Ich will nur auf zwei Dinge hinweisen. Der EuGH und das Bundesverfassungsgericht haben Beschwerden vorliegen, und wir werden ihre Entscheidungen abwarten, bevor wir eine Entscheidung treffen. Alles andere erübrigt sich zu dieser Zeit.

Aber, meine Damen und Herren, lassen Sie uns über drei Dinge reden – ich glaube das ist ganz spannend heute –: über die Zuständigkeitsverteilung zwischen Bundestag und Europäischem Parlament, darüber, was die EU in der Handelspolitik dazugelernt hat, und darüber, wie wir Europäer zukünftig Handelspolitik gestalten wollen; das ist nämlich viel wichtiger, gerade nach dem G‑7-Gipfel am letzten Wochenende.

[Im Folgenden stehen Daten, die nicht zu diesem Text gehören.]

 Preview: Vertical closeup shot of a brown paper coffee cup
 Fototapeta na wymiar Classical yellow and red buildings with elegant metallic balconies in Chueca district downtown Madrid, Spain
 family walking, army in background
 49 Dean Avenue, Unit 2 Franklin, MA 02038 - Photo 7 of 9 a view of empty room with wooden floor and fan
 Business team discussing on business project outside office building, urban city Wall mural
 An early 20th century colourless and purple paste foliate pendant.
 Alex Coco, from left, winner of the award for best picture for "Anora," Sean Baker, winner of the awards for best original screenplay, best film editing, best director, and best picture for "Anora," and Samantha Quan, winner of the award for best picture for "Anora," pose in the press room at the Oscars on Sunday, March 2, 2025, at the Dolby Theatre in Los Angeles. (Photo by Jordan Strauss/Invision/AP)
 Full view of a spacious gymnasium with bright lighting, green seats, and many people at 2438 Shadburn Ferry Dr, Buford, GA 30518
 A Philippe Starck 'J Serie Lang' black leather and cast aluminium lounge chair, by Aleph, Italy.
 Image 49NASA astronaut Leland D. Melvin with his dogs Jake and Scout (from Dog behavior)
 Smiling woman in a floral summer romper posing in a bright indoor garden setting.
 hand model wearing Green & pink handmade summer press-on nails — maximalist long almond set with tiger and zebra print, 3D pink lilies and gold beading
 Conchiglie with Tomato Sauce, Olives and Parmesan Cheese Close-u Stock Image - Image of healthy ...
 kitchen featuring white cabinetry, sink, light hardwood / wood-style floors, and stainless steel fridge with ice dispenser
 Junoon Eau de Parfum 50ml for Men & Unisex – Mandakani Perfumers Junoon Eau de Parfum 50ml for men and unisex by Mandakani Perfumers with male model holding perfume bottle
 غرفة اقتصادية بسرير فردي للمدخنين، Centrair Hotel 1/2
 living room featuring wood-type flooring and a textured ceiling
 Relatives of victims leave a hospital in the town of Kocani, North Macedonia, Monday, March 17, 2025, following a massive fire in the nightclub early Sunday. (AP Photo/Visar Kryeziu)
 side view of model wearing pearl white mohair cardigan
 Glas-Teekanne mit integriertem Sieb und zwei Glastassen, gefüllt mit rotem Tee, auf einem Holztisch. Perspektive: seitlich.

Kommen wir erstens zur Zuständigkeitsverteilung. Der Antrag der Linken zeigt hier doch ein großes Unverständnis. Da heißt es, dass der Bundestag das Abkommen mit Japan nicht ratifizieren muss, sei eine weitere Entdemokratisierung der EU-Handelspolitik.

(Klaus Ernst [DIE LINKE]: Genau!)

Liebe Kolleginnen und Kollegen, wissen Sie eigentlich nicht, dass das Abkommen vom Europäischen Parlament ratifiziert wird, und halten Sie das Europäische Parlament für nicht demokratisch?

(Klaus Ernst [DIE LINKE]: Doch! Aber nicht ausreichend!)

Das finde ich schon eine sehr bemerkenswerte Sache.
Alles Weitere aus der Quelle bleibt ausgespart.